The pinging of rAF events from main browser thread to web worker will work to some degree, but it will mean that the worker will then be real-time dependent on the main browser thread, which would mean that if main thread is doing a relatively long operation (e.g. GC, DOM relayout, a 100msec IndexedDB store), then the Web Worker would stall from rendering.

Yeah... I've experimented quite a bit with propagating main thread rAF to the worker. Another problem you run into is if the Worker is unable to hit the target frame rate, then you start accumulating a backlog of rAF messages. Then you need to mitigate that by making the Worker send Ack signals back to the main thread.

so the question practically boils down to whether we can do something on the OffscreenCanvas spec side that would be more accurately tied to waiting for vsync and give better guarantees than a sleep(1000/60).

I'm not sure I understand the problem. The resolution of the promise returned by commit() is tied to vsync and is independent of the rate at which the the main thread refreshes the page. The way we've implemented this in Chrome is basically equivalent to triple buffering. The first time commit() is called, it resolves its promise immediately, in order to allow the accumulation of a two frame backlog in the presentation pipeline. This gives us really good smoothness, at the expense of latency.

perhaps accepting a parameters object for .commit({...}) could be a future-proof way to expand to supporting those?

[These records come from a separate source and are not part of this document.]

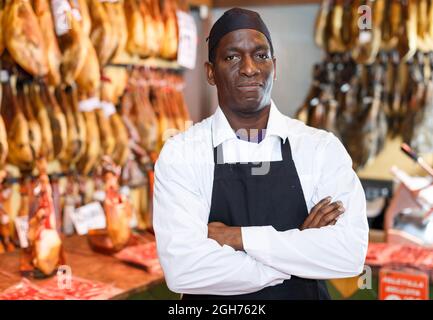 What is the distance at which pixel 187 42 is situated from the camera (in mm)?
2160

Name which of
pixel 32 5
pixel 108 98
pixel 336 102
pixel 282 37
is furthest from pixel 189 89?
pixel 336 102

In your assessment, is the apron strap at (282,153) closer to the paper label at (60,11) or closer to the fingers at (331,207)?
the fingers at (331,207)

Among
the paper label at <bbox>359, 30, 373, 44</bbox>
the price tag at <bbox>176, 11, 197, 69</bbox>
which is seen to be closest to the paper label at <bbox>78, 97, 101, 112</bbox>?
the price tag at <bbox>176, 11, 197, 69</bbox>

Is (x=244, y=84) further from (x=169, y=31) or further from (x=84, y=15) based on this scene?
(x=169, y=31)

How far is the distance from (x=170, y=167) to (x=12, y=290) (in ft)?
2.79

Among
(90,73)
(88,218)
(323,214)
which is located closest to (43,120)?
(90,73)

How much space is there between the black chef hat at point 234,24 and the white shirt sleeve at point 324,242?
1.16 ft

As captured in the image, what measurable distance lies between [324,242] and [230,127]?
348mm

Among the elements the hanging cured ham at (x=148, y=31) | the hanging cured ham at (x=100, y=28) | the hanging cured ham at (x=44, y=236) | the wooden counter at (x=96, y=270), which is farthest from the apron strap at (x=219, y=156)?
the hanging cured ham at (x=148, y=31)

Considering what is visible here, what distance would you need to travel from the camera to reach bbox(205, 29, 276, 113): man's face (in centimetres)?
162

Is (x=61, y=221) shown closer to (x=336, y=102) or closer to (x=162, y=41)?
(x=162, y=41)

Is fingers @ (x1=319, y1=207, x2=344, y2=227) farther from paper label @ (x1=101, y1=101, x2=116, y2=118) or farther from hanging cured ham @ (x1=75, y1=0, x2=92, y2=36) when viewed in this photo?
paper label @ (x1=101, y1=101, x2=116, y2=118)

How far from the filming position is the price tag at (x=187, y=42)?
204 centimetres

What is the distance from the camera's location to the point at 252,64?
5.34 ft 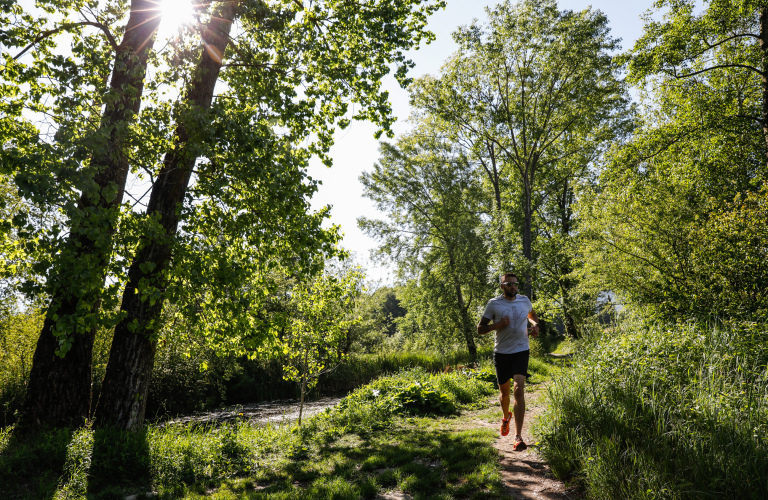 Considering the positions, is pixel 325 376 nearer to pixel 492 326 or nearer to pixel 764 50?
pixel 492 326

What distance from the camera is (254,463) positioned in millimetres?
5379

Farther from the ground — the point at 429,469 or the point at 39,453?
the point at 39,453

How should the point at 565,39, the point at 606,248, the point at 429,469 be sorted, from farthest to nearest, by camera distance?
the point at 565,39 < the point at 606,248 < the point at 429,469

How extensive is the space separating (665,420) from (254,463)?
4804 millimetres

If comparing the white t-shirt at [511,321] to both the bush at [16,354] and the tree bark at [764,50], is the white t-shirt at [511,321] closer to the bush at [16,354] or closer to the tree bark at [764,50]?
the tree bark at [764,50]

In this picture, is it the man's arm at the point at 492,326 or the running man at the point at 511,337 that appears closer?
the running man at the point at 511,337

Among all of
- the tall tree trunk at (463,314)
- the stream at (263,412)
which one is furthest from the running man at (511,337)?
the tall tree trunk at (463,314)

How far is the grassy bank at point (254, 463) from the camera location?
4.20m

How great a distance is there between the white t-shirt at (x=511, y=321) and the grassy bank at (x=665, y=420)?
730 millimetres

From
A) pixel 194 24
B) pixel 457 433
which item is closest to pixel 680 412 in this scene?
pixel 457 433

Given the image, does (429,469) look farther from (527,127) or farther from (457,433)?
(527,127)

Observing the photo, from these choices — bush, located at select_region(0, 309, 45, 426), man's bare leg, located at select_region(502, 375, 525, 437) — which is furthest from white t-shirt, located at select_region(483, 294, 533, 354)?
bush, located at select_region(0, 309, 45, 426)

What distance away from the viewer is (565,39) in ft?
55.2

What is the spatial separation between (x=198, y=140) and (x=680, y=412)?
6.22 m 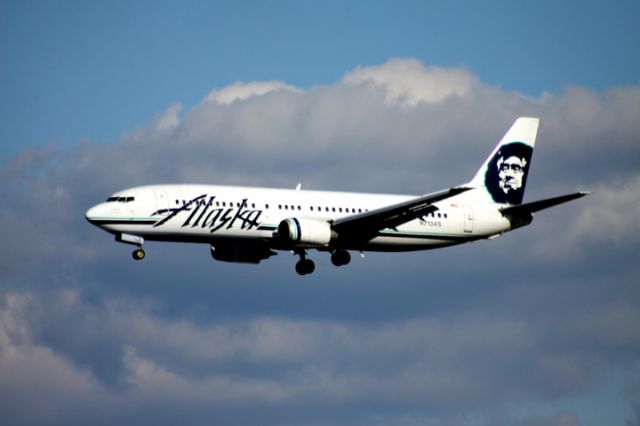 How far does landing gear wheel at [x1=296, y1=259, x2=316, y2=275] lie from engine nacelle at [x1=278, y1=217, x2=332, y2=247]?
608 centimetres

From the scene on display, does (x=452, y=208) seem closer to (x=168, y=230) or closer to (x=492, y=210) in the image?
(x=492, y=210)

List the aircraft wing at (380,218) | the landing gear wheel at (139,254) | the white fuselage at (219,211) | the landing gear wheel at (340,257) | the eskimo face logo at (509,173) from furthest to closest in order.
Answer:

Perhaps. But I think switching in and out of a low latency code path on the fly might be tricky on some OSes, so it might be better to control this via a context creation parameter rather than a commit parameter. FWIW, supporting low-latency rendering mode is a high priority feature on our side.

While we're on the topic of adding options to control commit behavior, another request we've gotten from developers is to create the ability to cut the frame rate by a constant factor (e.g. 30fps or 20fps). Motivation: games/animations that cannot hit 60fps look smoother if presented at a lower but steady frame rate. Right now some devs are implementing this by using rAF + monitoring time since last rAF in order to determine whether they should skip the current frame. That method does not work perfectly because rAF is not always called exactly on vsync, especially if the thread was busy, and it usually assumes that the display hardware runs at 60fps, which is becoming a flaky assumption with new generations of displays. So it would be nice to offer some kind of option to ask the browser to decimate the frame rate

While we're on the topic of adding options to control commit behavior, another request we've gotten from developers is to create the ability to cut the frame rate by a constant factor (e.g. 30fps or 20fps). Motivation: games/animations that cannot hit 60fps look smoother if presented at a lower but steady frame rate. Right now some devs are implementing this by using rAF + monitoring time since last rAF in order to determine whether they should skip the current frame.

This is a familiar conversation to Emscripten support requests as well. For reference (to self mostly), here's some sources to native world:

Native Windows OpenGL:

WGL_EXT_swap_control is a WGL extension that specifies swapping behavior, with functions wglSwapIntervalEXT and wglGetSwapIntervalEXT.
SwapBuffers is a core Win32 GDI function that swaps according to presentation interval set by wglSwapIntervalEXT.

Native Linux OpenGL:

GLX_EXT_swap_control is a GLX extension that specifies swapping interval, with functions glXSwapIntervalEXT.
glXSwapBuffers is a core GLX function that swaps according to presentation interval set by glXSwapIntervalEXT.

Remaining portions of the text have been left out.